= YOUR GOAL =
The result should be the full listing copied exactly, with no pictures in it.

─── DATA PROVIDED

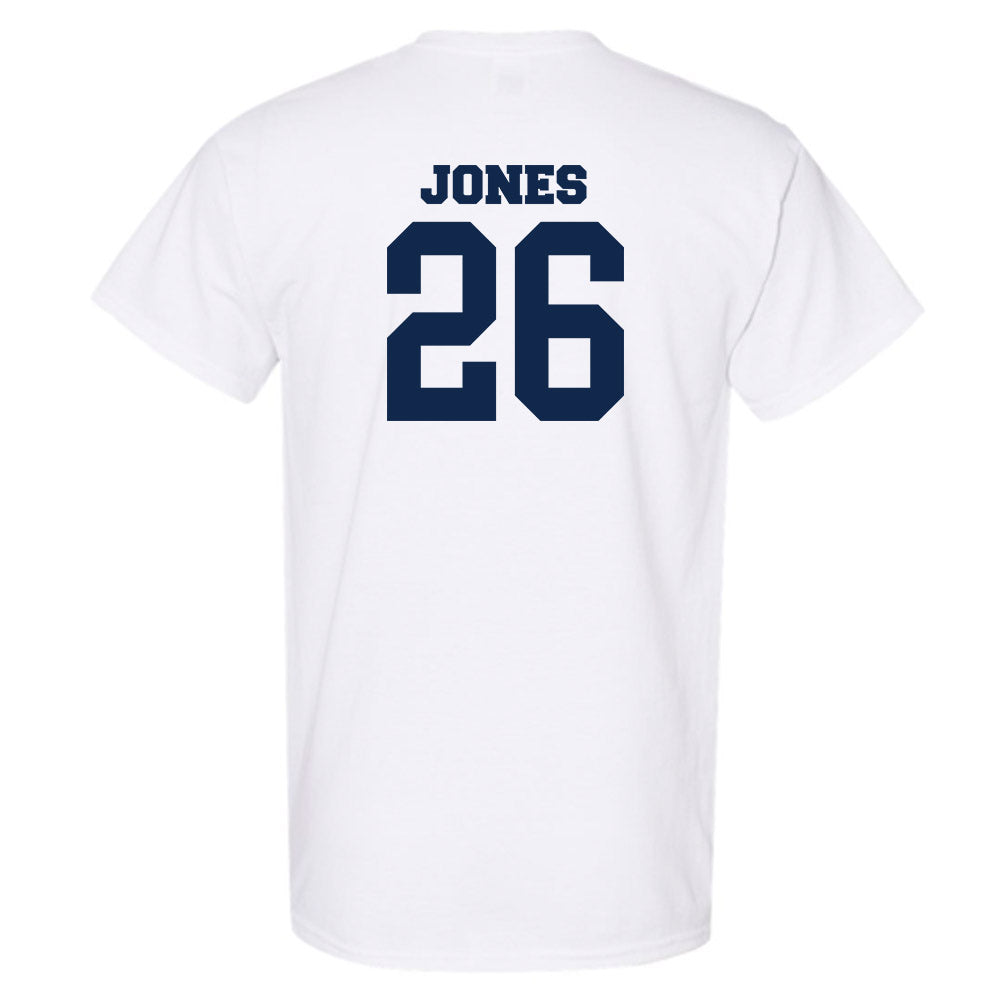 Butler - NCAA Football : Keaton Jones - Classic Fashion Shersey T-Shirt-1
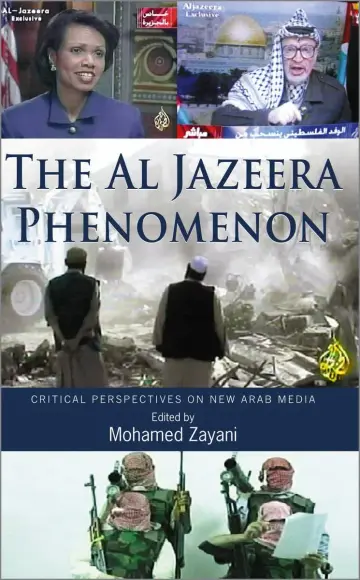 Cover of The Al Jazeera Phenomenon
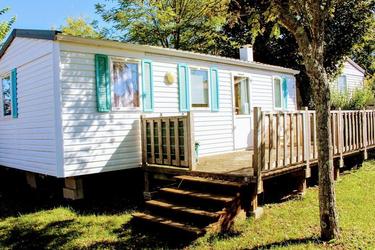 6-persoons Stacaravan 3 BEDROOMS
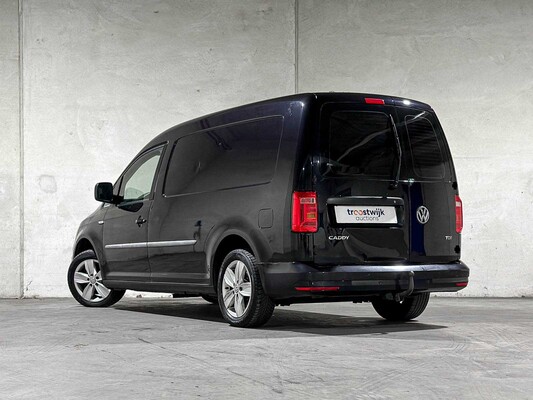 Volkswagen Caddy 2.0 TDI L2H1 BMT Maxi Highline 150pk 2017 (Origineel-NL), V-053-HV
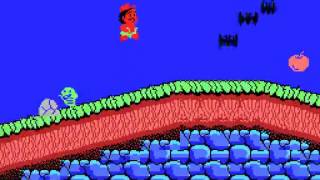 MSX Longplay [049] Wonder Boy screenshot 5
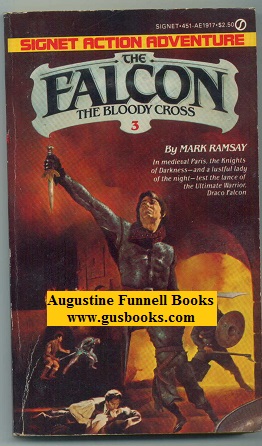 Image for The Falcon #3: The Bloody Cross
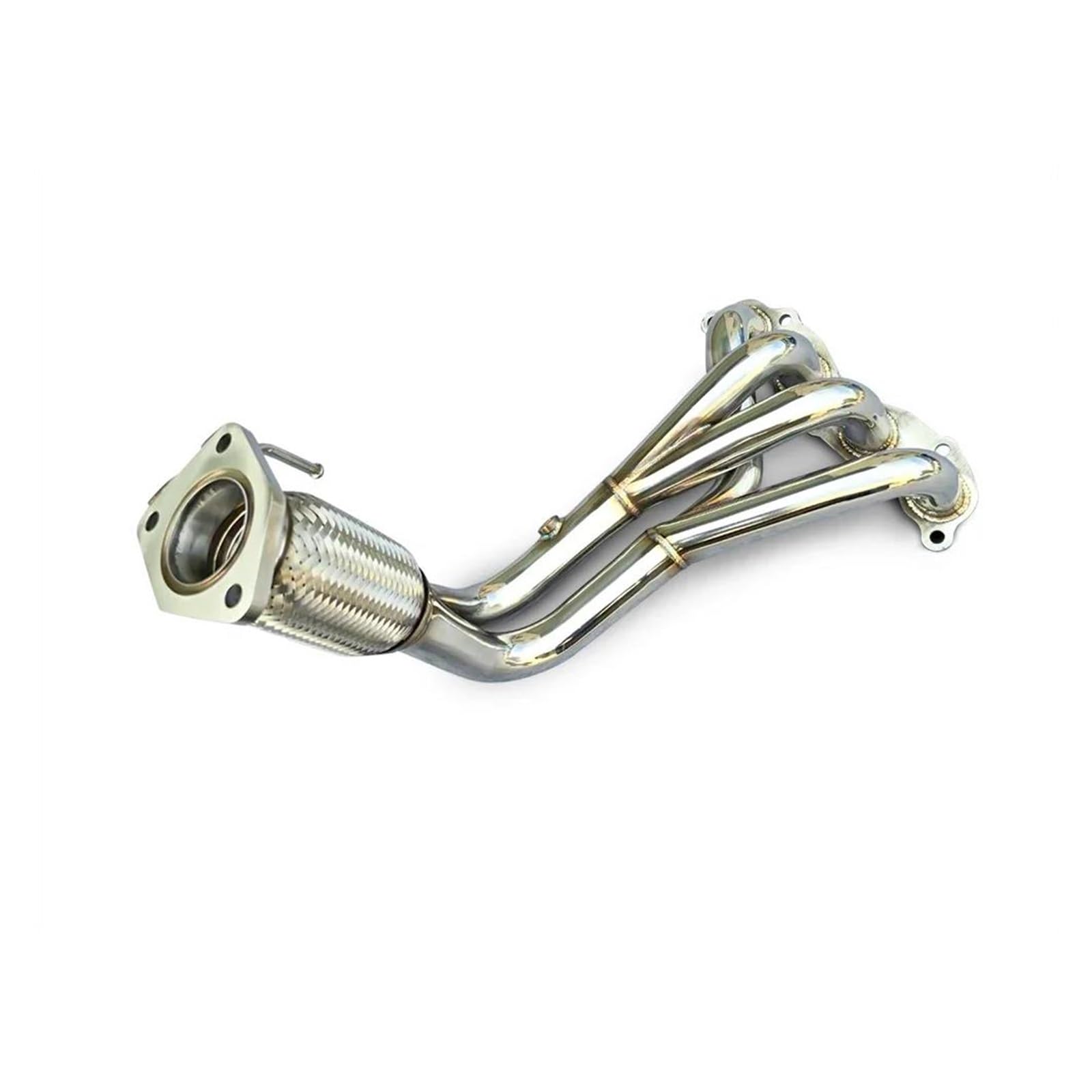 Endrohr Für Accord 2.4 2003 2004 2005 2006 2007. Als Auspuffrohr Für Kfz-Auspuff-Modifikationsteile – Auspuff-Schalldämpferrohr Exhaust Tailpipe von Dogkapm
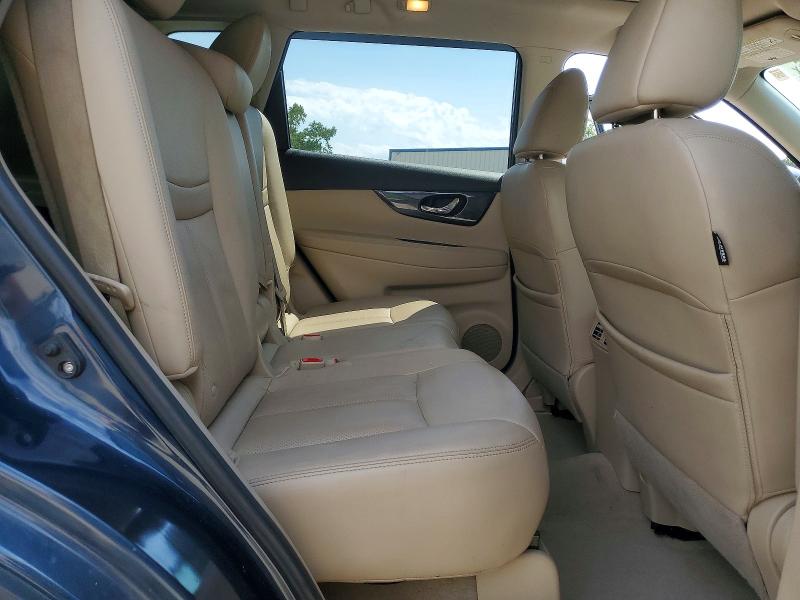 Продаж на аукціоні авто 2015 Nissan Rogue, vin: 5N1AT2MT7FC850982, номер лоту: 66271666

──────

= RESULT OF THE TASK =
 Butler - NCAA Football : Keaton Jones - Classic Fashion Shersey T-Shirt-1
 Cover of The Al Jazeera Phenomenon
 6-persoons Stacaravan 3 BEDROOMS
 Volkswagen Caddy 2.0 TDI L2H1 BMT Maxi Highline 150pk 2017 (Origineel-NL), V-053-HV
 MSX Longplay [049] Wonder Boy screenshot 5
 Image for The Falcon #3: The Bloody Cross
 Endrohr Für Accord 2.4 2003 2004 2005 2006 2007. Als Auspuffrohr Für Kfz-Auspuff-Modifikationsteile – Auspuff-Schalldämpferrohr Exhaust Tailpipe von Dogkapm
 Продаж на аукціоні авто 2015 Nissan Rogue, vin: 5N1AT2MT7FC850982, номер лоту: 66271666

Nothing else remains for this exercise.